Daikichi is a thirty-year-old bachelor who ends up going home for his grandfather’s funeral. What he discovers is that his grandfather has an illegitimate child, a six-year-old named Rin who is technically Daikichi’s aunt. Daikichi ends up taking the girl in a fit of rage at his family’s arguing of who should look after the girl, but he may be in over his head.
One way to look at Bunny Drop is as it being the anti-Yotsuba&!. Unlike the titled Yotsuba, a potentially crack-fuelled five-year-old who bounces off the walls with her unbelievably high levels of curiosity and energy, Rin is a quiet, shy little girl who is going through a period that she doesn’t fully understand and is only looking to be loved. It is quite a touching story seeing as Daikichi does not really take an instant shine to the little one, but overcomes his own shortcomings when dealing with children to help the poor girl. It shows how two people of wildly different ages learn to adapt, change and eventually open up to each other.
While the initial story of how Rin came to be is slightly far-fetched, though not at all impossible to imagine, the rest of what happens is grounded in so much reality you would swear that this has all happened before somewhere. Daikichi has to learn quickly the basic needs of Rin and also help her deal with the fact that so much has already happened in her short life already. The author shows that while a six-year-old is wide-eyed and curious about the world, they do not think in such simple terms constantly and that even a small child can have amazing insight into the complex happenings of the world.
The manga also doesn’t just focus on the relationship of Daikichi and Rin, but also spends time looking at how much a child can change the life of an adult - simple things such as clothing and feeding them, to taking them to a daycare centre and making sure that your work fits around them. It really does give you an appreciation of what parents have to do to make sure that they do the right thing when raising a child.
It is fair to say that the story, even from this first volume, is well thought out and endearing, while giving the reader a fantastic message without forgetting that it is still a form of entertainment, mixing in its comedy at the right places to help ease the tension of the book. It has a balance of fun and seriousness in the right proportions that gives its reader both plenty to think about and plenty to laugh at.

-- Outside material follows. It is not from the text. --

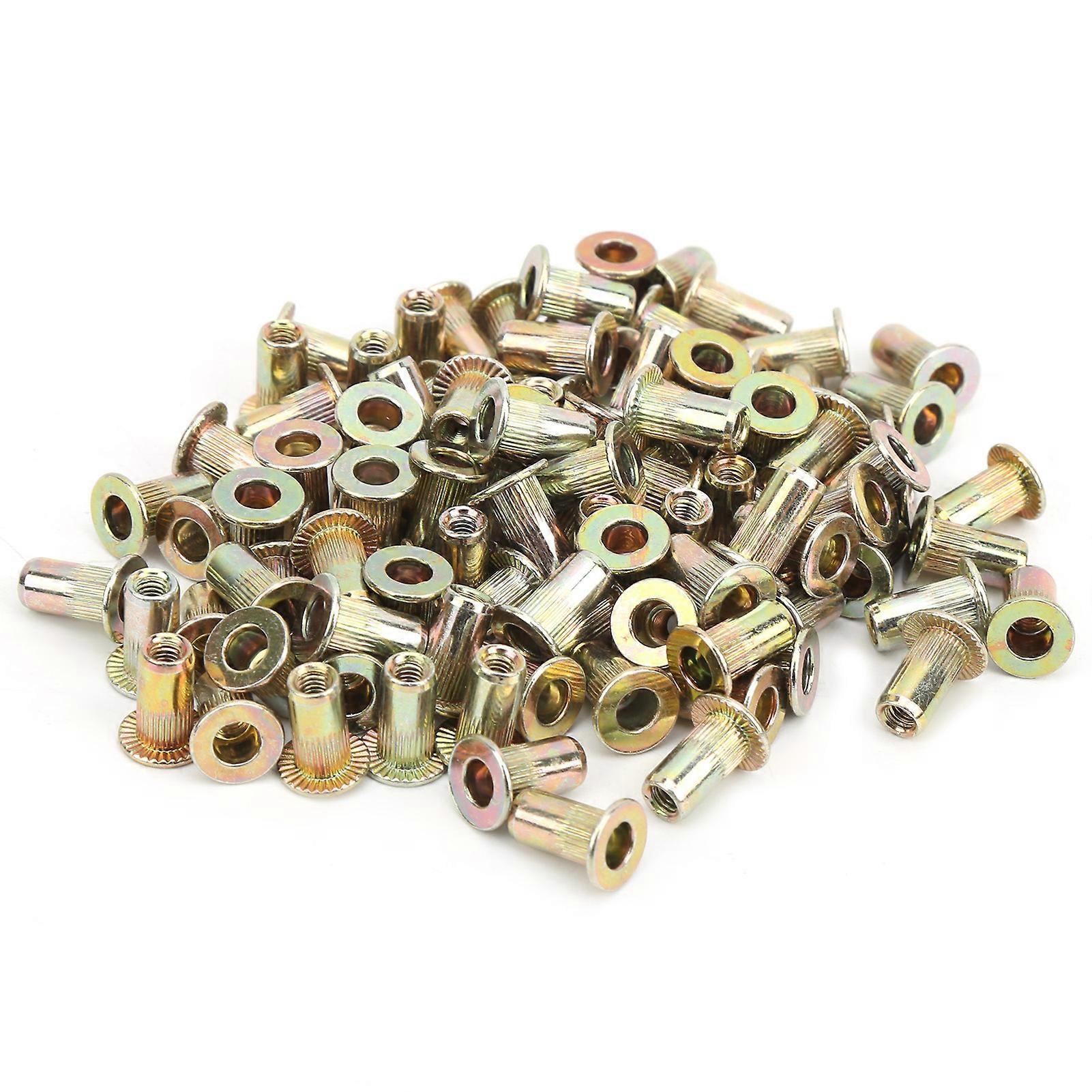 100Pcs Rivet Nut Color Zinc Plated Flat Head Threaded Nutsert Kit Hardware AccessoriesM3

Some however may find that the art for the manga is quite simplistic. Those that have been spoiled by manga with highly detailed panels and backgrounds may find that Bunny Drop focuses more on foreground characters and leaves a fair amount of white space with some simplistic designs for the characters themselves. I personally enjoyed this simplistic approach to the art, as it allowed the story and the strength of the words to shine through much better, without being lost in a tidal wave of shadow and shading.
For those looking for something that is more about heart and how it gets it across to you over being blown away by visuals, Bunny Drop is very much the manga for you. It is grounded enough in reality to make things plausible, but still gives us laughs and is highly entertaining. It is also something that everyone can enjoy regardless of what they usually read. For an alternative to the mad cap adventures that manga usually puts the reader through, Bunny Drop is very much a read that you can take your time with, soak up and enjoy.